We would have liked to know whether Ms. Groce would change anything in the proposal devised by the subcommittee, but, regrettably, the lack of a response from her leaves us in the dark.
Ms. Groce, however, soon may get another opportunity to reveal her views on the questions we asked her. Interim City Manager Nancy Bronstein told us that staff intends to present a report at the November 1 Council meeting that contains “options and recommendations for police oversight.” The report will be published on October 20, 18 days before the election, so Ms. Groce will have plenty of time to comment, if she chooses to do so. (We also should note that, on her campaign website, Ms. Jensen criticizes the City for “disregarding” the steering committee’s recommendations, including the call for a civilian oversight board, so she, too, might be inclined to react publicly to the staff report.)

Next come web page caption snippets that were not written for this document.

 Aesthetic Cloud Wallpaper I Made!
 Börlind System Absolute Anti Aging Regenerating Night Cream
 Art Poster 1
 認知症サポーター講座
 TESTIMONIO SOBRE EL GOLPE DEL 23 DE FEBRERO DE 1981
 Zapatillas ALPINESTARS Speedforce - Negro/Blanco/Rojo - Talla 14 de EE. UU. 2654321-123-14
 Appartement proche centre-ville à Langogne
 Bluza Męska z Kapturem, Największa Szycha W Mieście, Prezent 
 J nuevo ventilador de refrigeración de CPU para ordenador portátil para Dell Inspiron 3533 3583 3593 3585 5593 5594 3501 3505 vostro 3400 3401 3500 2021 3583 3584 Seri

We hope that our readers have found the foregoing useful. From our perspective, what a candidate says (or declines to say) about a specific issue important to him or her is far more illuminating than the claims made in the mailers the candidate (or a friendly PAC) sends out. We don’t purport to have provided a complete picture of Mr. Beusterien, Ms. Jensen, or Ms. Groce. But to those who’ve already decided to vote for Mr. Daysog or Mr. Oddie, their answers (or non‑answers) may make it a little easier to arrive at a rational choice for the second seat.

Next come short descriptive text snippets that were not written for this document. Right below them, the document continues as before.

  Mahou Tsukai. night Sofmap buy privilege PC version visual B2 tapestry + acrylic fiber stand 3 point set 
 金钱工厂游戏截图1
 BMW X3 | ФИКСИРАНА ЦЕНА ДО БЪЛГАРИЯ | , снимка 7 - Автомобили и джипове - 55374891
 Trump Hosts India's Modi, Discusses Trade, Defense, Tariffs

LinkedIn pages: https://www.linkedin.com/in/paulbeusterien/; https://www.linkedin.com/in/hannah-groce/; https://www.linkedin.com/in/tracyjensen2022/
Campaign websites: https://www.paulb4alameda.com/; https://www.tracyjensen2022.com/; https://www.hannah4alameda.com/
Here’s another question for Beusterien: does RCV exacerbate or limit or do nothing to the control special interest groups funding campaigns have on local elections, e.g., the the local fire union and our municipal elections. Does RCV weaken special interests influencing, controlling essentially, our local elections? If not, what can be done?
Theoretically, RCV would make it easier for a low-funded candidate to reach voters in the district at low cost, but it also makes it easier for special interests to cherry pick a district and pour in a lot of money to support or oppose a candidate.
My mistake. I was thinking of districting, not RCV. Don’t know how RCV would affect special interest contribution.
RCV weakens the influence of special interest groups. In a single-seat election, they’re no longer able to win with 20 or 30% of the votes, since RCV requires a majority. In multi-seat races, the special interest may still be able to get one seat with a minority of votes, but it’s much harder to win additional seats.
Another factor is that voters are likely to do more homework for their rankings, they may not be as easily swayed by the amount of mailers and the perception of inevitability. Voters can vote without the fear of “wasting” or “splitting” their votes and for their values and true preference. Also less-financed individuals are not afraid to run for office because the conditions are more favorable to building coalitions and issue-oriented campaigns.
Easy-to-read graphic summaries of campaign contributions to candidates for Council, Mayor and School Board are available at the League of Women Voters Alameda website at https://www.lwvalameda.org/alameda-campaign-finance-review.html. Also listed are loans to candidates and independent expenditures supporting or opposing their election.
This is good effort but seems very incomplete. “A Better Alameda” raised $20,000 to support Trish Spencer but this is not reported at all. This would make her campaign haul comparable to Ashcraft but you’re creating a totally different narrative, which is very atypical of LWV.
These numbers are based on the Sept 24 filings. They will be updated after the Oct 27 filings, and will include a list of all independent expenditures made to support or oppose candidates, very little of which was spent by Sept. 24.
I wish we had the ability to report these results in real time, but we don’t. We’d be happy to talk with anybody who thinks they can help us do it.